Sur le site officiel, nous retrouvons les motivations de l’auteur : il fait référence à la culture indigène Hawaiienne d’avant la colonisation et son combat pour sa sauvegarde. L’Histoire nous montre qu’avec la conquête des territoires, le conquérant impose ses valeurs, ses traditions aux peuples locaux, dans une forme d’appropriation totale. Il est difficile pour les cultures indigènes de résister à l’érosion du temps et du colonisateur.
De manière plus actuelle, je m’interroge sur la préservation des identités et cultures locales avec une mondialisation toujours plus forte. Le choc des cultures et des valeurs est d’autant plus frontal qu’il n’y a plus besoin de conquérir un territoire physiquement : le commerce et l’industrie du divertissement peuvent être un sacré levier pour conquérir les esprits.
Un autre point de réflexion concerne l’absence d’échelle du Bien dans les cultures religieuses : une culture religieuse qui remplace/écrase une autre n’est ni « meilleure » ni « pire » que celle remplacée/écrasée (pour Hawaii, la culture/religion catholique contre la culture polynésienne). C’est avant tout une question d’oppression, où le conservatisme est au service de celui qui conquiert et qui a le pouvoir physique.
Le film Kapaemahu fait référence à Mahu, la notion de troisième sexe/genre, qui faisait partie de cette culture polynésienne [wiki]. L’auteur est Mahu lui-même et défend sa vision du monde. Ces questions de relation au genre, aux droits LGBTQ, traversent le monde occidental judéo-chrétien de manière compulsive : lutte entre conservatisme religieux et vision plus raisonnée.
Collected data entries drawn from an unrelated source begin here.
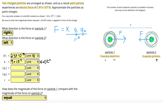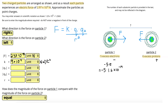Q1 is the charge on particle one. It has 5 excess electrons, so the charge is negative 5 multiplied by e, the elementary charge. To get the charge in Coulombs, we multiply: negative 5 times 1.6 times 10 to the power of negative 19, which gives negative 8 times 10 to the negative 19 Coulombs. In our equation we use just the magnitude, so Q1 = 8 times 10 to the power of negative 19 Coulombs.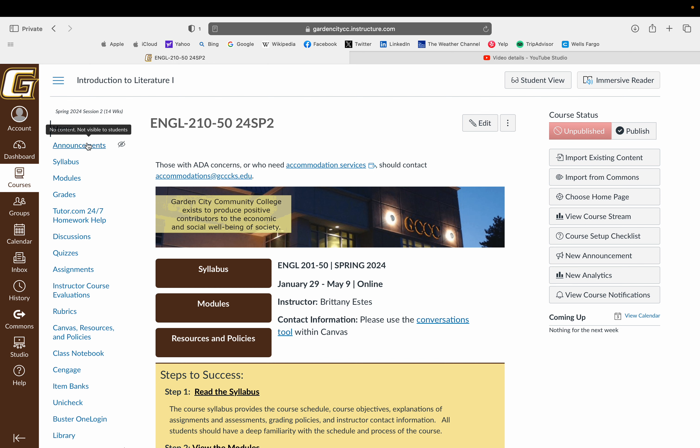I will also put the same email information here in the announcements with an outline of what that week's assignments are, just as a reminder. You have access to that information always.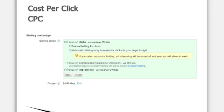For content and placement targeting, you would need to either set your bids at the ad group level, or for placement targeting, you can either set those at the ad group or at the placement level.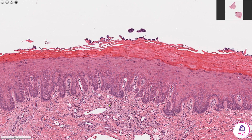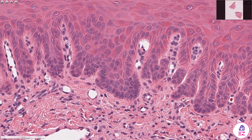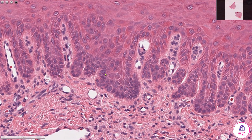In terms of cytological features, when I zoom in I can see that some of these nuclei are bigger than others, so there's a variation in nuclear size. These nuclei are taking up quite a large proportion of the cell, so we've got an increased nuclear to cytoplasmic ratio.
Et dans des sociétés plus fermées (comme certaines de tradition musulmane), cela reste l’objet d’une répression forte, comme si cela était un danger pour elles.
Kapaemahu ne doit pas faire penser que le modèle de société indigène serait meilleur que celui actuel à Hawaii, notamment pour les personnes LGBTQ [de la singularité des contextes locaux à l’universalité des questions sur le genre]. En revanche, c’est intéressant de voir d’autres cultures, d’autres façons d’organiser la société et de relativiser l’absolu religieux dans nos sociétés. Le secret d’une société idéale des Lumières serait, peut-être, de bien séparer les considérations basées sur les croyances et celles basées sur la raison, notamment quand il s’agit d’incarner la tolérance et de respecter la différence.